Try it
Skip the pictures and write out, word for word, the lines below from the one with "In conclusion, Amdahl's" through the one with "We've got the", inclusive.

Data to process
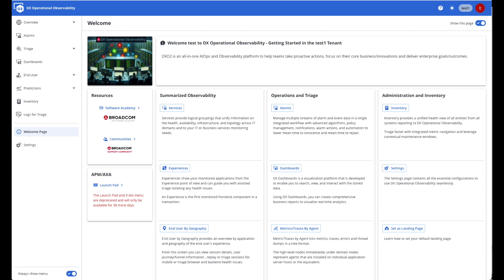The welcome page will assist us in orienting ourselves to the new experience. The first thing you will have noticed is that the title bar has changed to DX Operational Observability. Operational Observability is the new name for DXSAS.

==

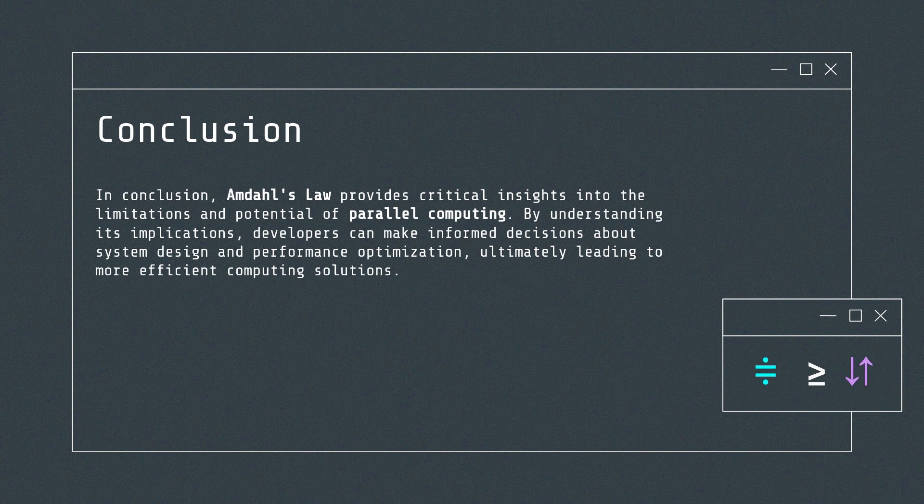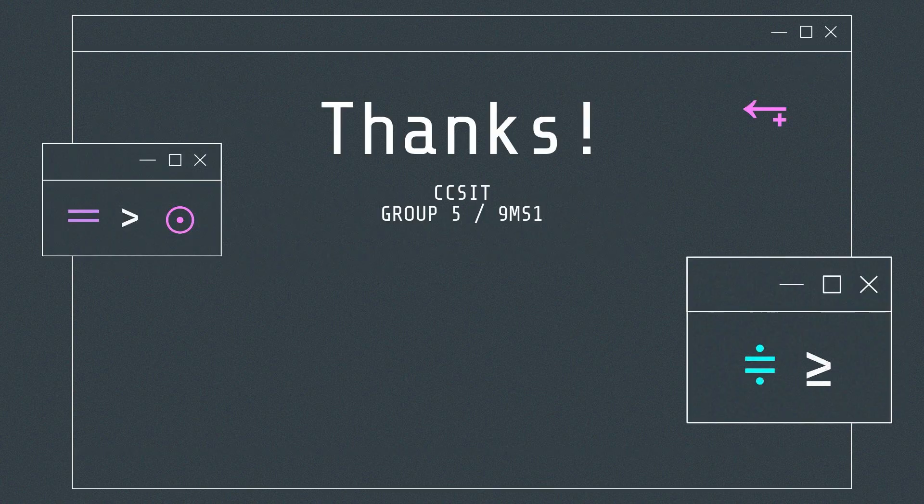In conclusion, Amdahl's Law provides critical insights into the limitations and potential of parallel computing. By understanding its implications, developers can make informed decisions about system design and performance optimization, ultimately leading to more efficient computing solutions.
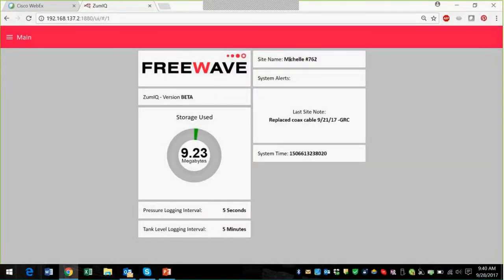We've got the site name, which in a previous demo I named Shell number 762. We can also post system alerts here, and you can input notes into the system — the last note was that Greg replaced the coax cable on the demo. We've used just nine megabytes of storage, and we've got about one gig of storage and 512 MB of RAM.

Response area
In conclusion, Amdahl's Law provides critical insights into the limitations and potential of parallel computing. By understanding its implications, developers can make informed decisions about system design and performance optimization, ultimately leading to more efficient computing solutions.
We've got the site name, which in a previous demo I named Shell number 762. We can also post system alerts here, and you can input notes into the system — the last note was that Greg replaced the coax cable on the demo. We've used just nine megabytes of storage, and we've got about one gig of storage and 512 MB of RAM.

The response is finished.